Indirect costs — also called Facilities and Administrative (F&A) costs or overhead — are one of the most misunderstood parts of grant budgeting. Here's a clear explanation of what they are, how they work, and how to handle them strategically.
What are indirect costs? Indirect costs are the real costs of operating a research enterprise that can't be attributed to a single project: building maintenance, utilities, library access, HR, compliance staff, and institutional administration. They're real costs — just shared across many grants.
How are they calculated? The federal government negotiates an indirect cost rate with each institution.

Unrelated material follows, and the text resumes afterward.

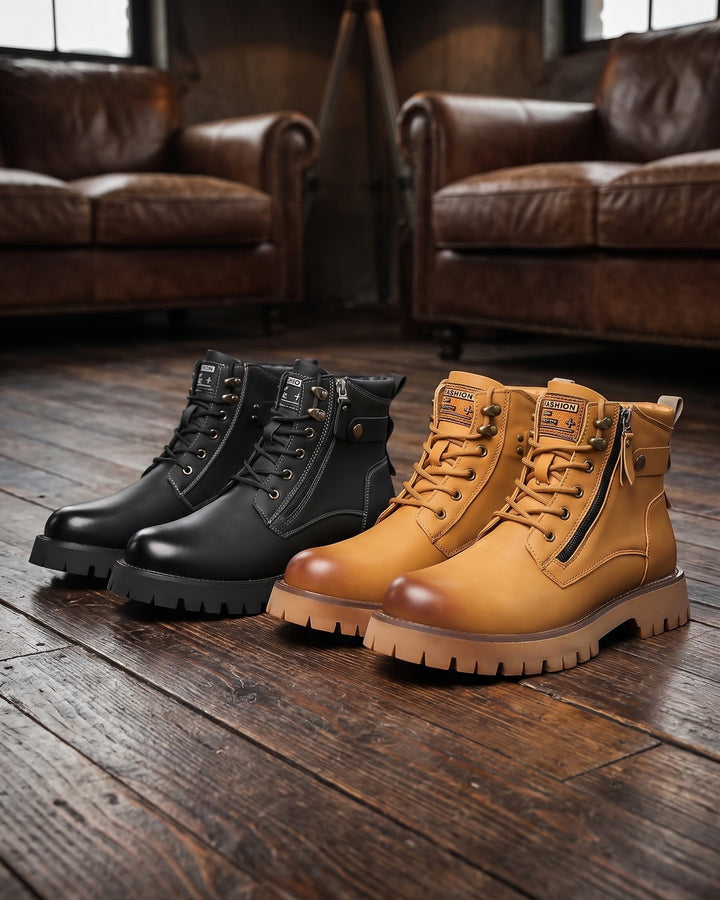 Nico Faux Leather Combat Boots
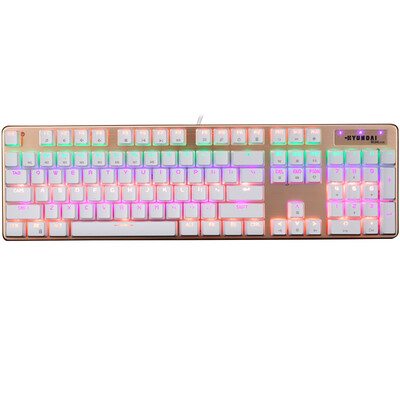 

Hyundai (HYUNDAI) HY-MK270 смешанная светлая металлическая крышка металлическая крышка механическая игровая клавиатура белая зеленая ось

This rate is applied to a base — often Modified Total Direct Costs (MTDC), which excludes equipment, patient care, tuition, and subcontract costs above $25,000. So if your MTDC is $500,000 and your negotiated rate is 55%, your F&A costs are $275,000.
What this means for you: • Your total budget request = direct costs + indirect costs. • Some funders cap indirect costs (many foundations cap at 10–15%, some NIH mechanisms have caps). • NSF and NIH generally allow negotiated rates without additional caps. • SBIR/STTR Phase I has a 40% cap on indirect costs charged by small businesses.
Strategic considerations: • Don't negotiate your rate below the negotiated rate without institutional approval — you're leaving money on the table that funds your infrastructure. • For foundation grants with caps, the difference between allowed and actual indirect costs may need institutional cost-sharing. • Always check the solicitation for indirect cost rules before budgeting.